Deciding on a course can be tough. You need to think about what you want to study, how you want to do it and where, and whether it’s a realistic path towards your preferred career. There are big differences between courses, so how do you know you’re making the right choice?
There are many reasons on which to base your decision, but some are far smarter than others. To make sure you stay on the right path, here are some reasons to avoid.
You’re expecting a high score so you’re opting for a tough course
After working hard all through Year 12, you might be on track for a top-notch ATAR or OP. Although receiving a high score will open your options, avoid choosing a course just because it’s competitive. Opting for medicine only because you got the right marks is pointless if you’re not passionate about science, or if you’re squeamish. Bear in mind that cut-off scores don’t always reflect the difficulty of the course — a high entry score may just be an indication of the course’s popularity rather than its difficulty.
The field of work seems glamorous
Do your research to get an idea of what working in the field will be like. Talk to industry professionals and course coordinators for areas of interest (open days are great for this), as well as people employed in the industry. Getting real insight can make all the difference. Too often, students select courses based on assumptions that are more exciting or glamorous than the reality; for example, choosing medicine or law based on what they’ve seen on TV. Keep in mind that all courses and careers have pros and cons — the trick is to find a good balance, and one with negatives that you’re willing to put up with.
You’re feeling pressure to commit to a specific uni or course
Although a little bit of external pressure can give you the push you need to get through your final exams, don’t let parents, teachers, friends or others sway your decision when it comes to choosing a course or institution. These are decisions that affect your life, so you need to make them for yourself.

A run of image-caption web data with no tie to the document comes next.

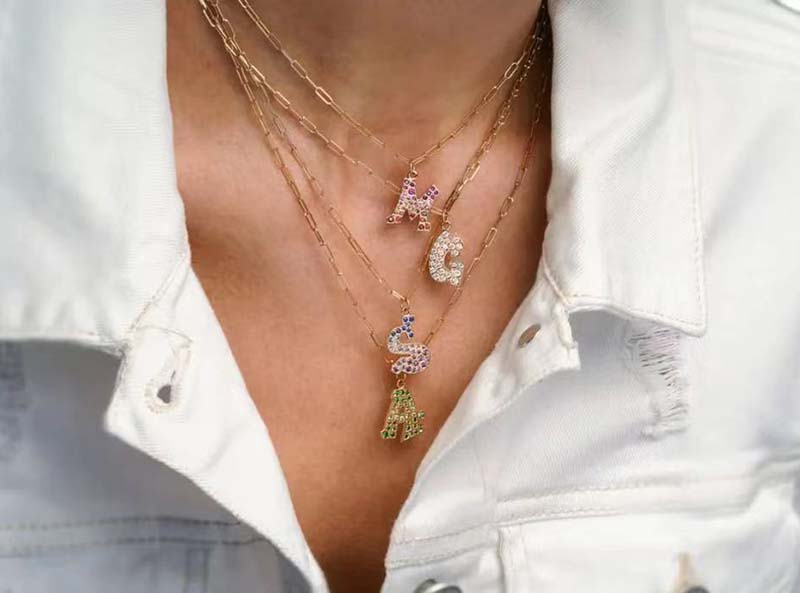 How to wear multiple necklaces ?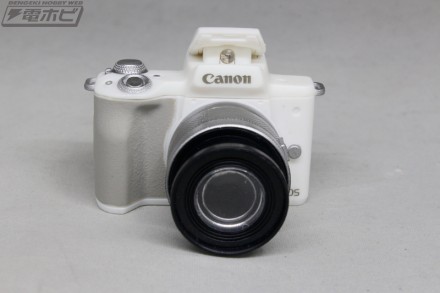 Canon_EOSkissM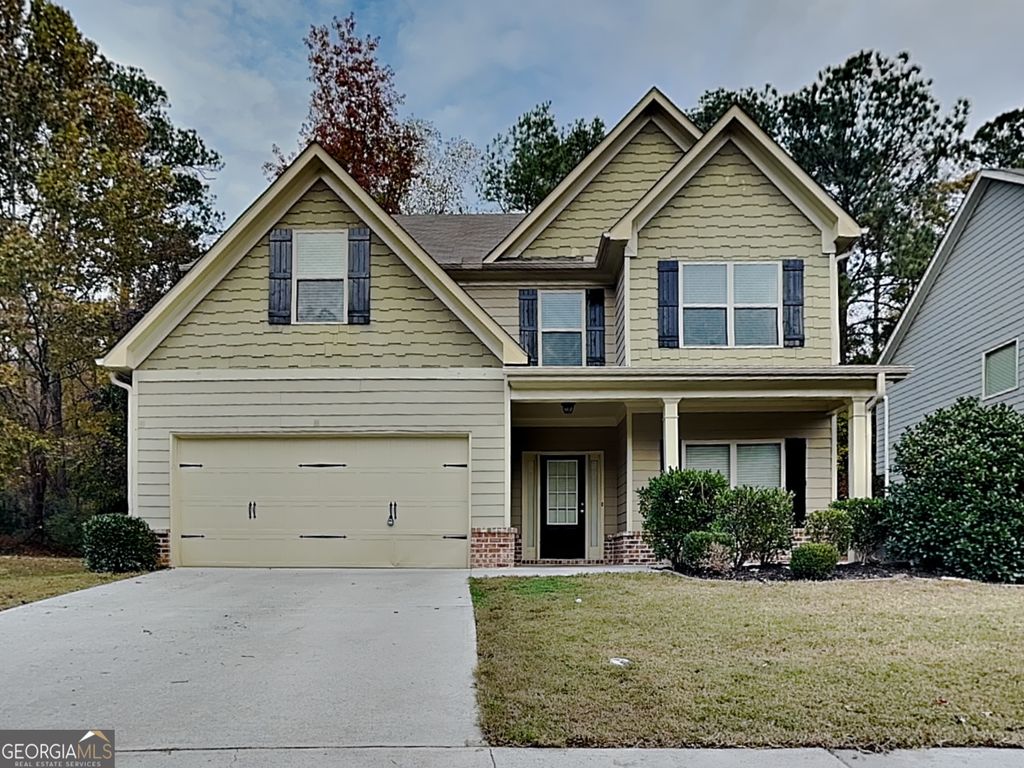 563 Cherry Creek Drive, Loganville, GA 30052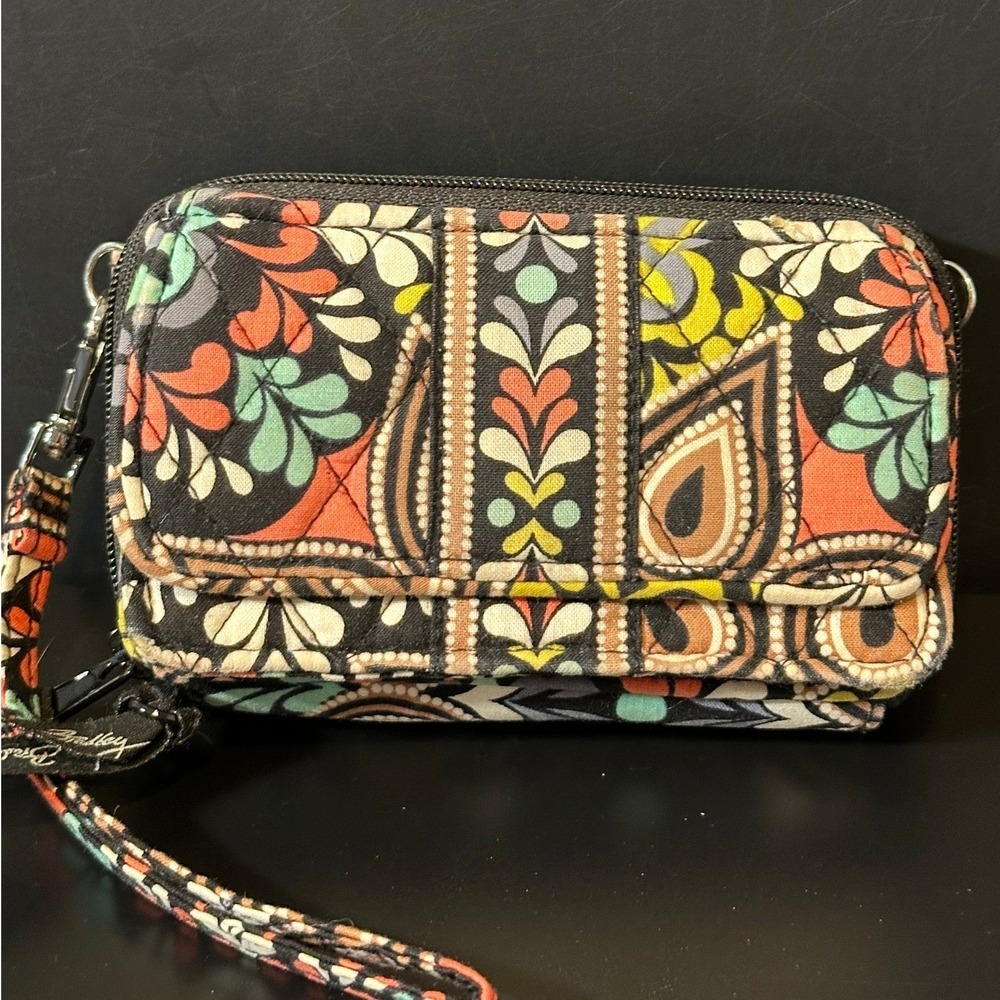 Vera Bradley All In One Crossbody Wallet Provencal Paisley Quilted‎ Cotton Black - Picture 2 of 7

If you’re getting lots of pressure from parents to pursue a path that doesn’t interest you, you might want to invite them to open days or career expos. This will give them some insight into your decision-making process and open their minds to other career possibilities.
You’ve heard the job pays well
It’s a smart idea to look at graduate outcomes for courses you’re interested in (The Good Universities Guide ratings can help you there)! However, don't choose a course solely on expected salary, job growth or graduate employment rates — these could change by the time you finish studying. Choose a course and career that matches your interests and skillset, and the lifestyle you prefer.